In addition, any company with a service fleet could have employees call in to update company records on their last repair job, and receive their next assignment from the automated system.

NCA also features reporting software to help companies learn more about how their customers use the system so adjustments to the menu or options can be made. It tracks customer call frequency, attempts at fraud, enrollment status and verification.

In addition to bolstering security through voice authentication, Nuance said NCA will save companies money because call center agents won't have to handle PIN reset requests or ask customers questions to confirm their identities.

Nuance estimates that a call center handling 25 million calls a year can save about $3 million per year using voice authentication.

NCA is available now and pricing is determined by the amount of call traffic that's anticipated. It's based on the J2EE platform and VoiceXML 2.0, the programming language for voice applications, to make integration with enterprise resource planning (ERP) and database software easy.

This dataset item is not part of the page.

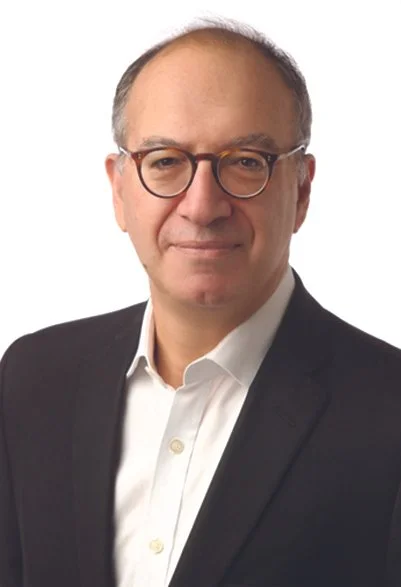 A middle-aged man with glasses, wearing a black suit and white shirt, posing against a white background.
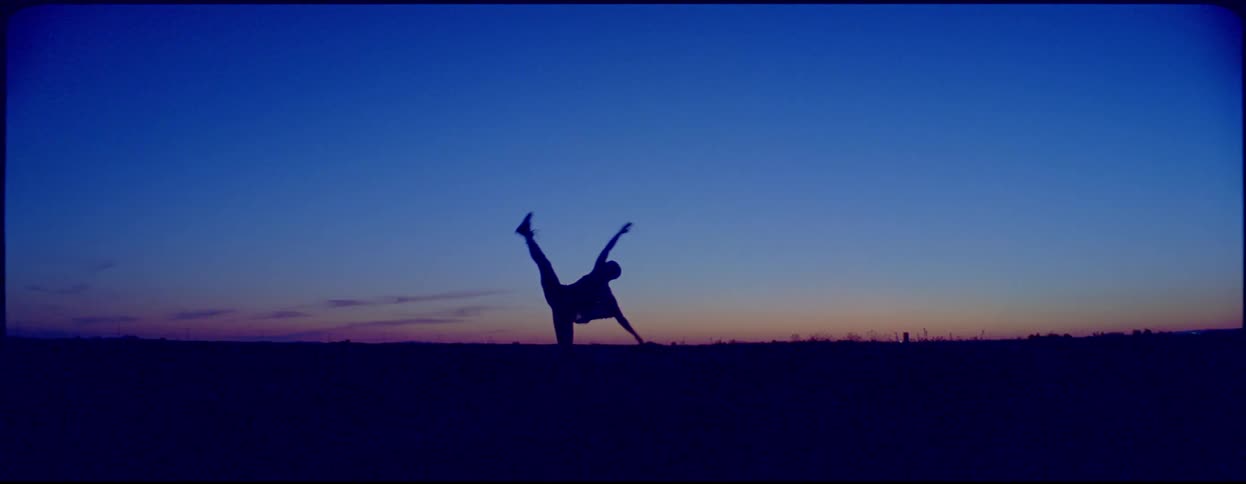 The silhouette of a woman dancing in a field under a clear sky at sunset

The speech recognition market has been ballyhooed for years. Adoption has been slowed by technological limitations -- background noise, punctuation and grammar and accents have poses problems in the past. (Industry giant Lernout & Hauspie's bankruptcy at a critical time for the market didn't help matters either.)

But Menlo Park, Calif.-based Nuance, which has 1,000 customers on some version of speech recognition, believes the space is heating up.

"I think [enterprises] are ready for it now," Carriere said, noting that consumers are also getting more comfortable dealing with automated attendants.

So do others. Nuance competes against several others companies including Scansoft , which acquired Speechworks International last year.

In addition, Microsoft and IBM have devoted time and money to develop offerings for the space.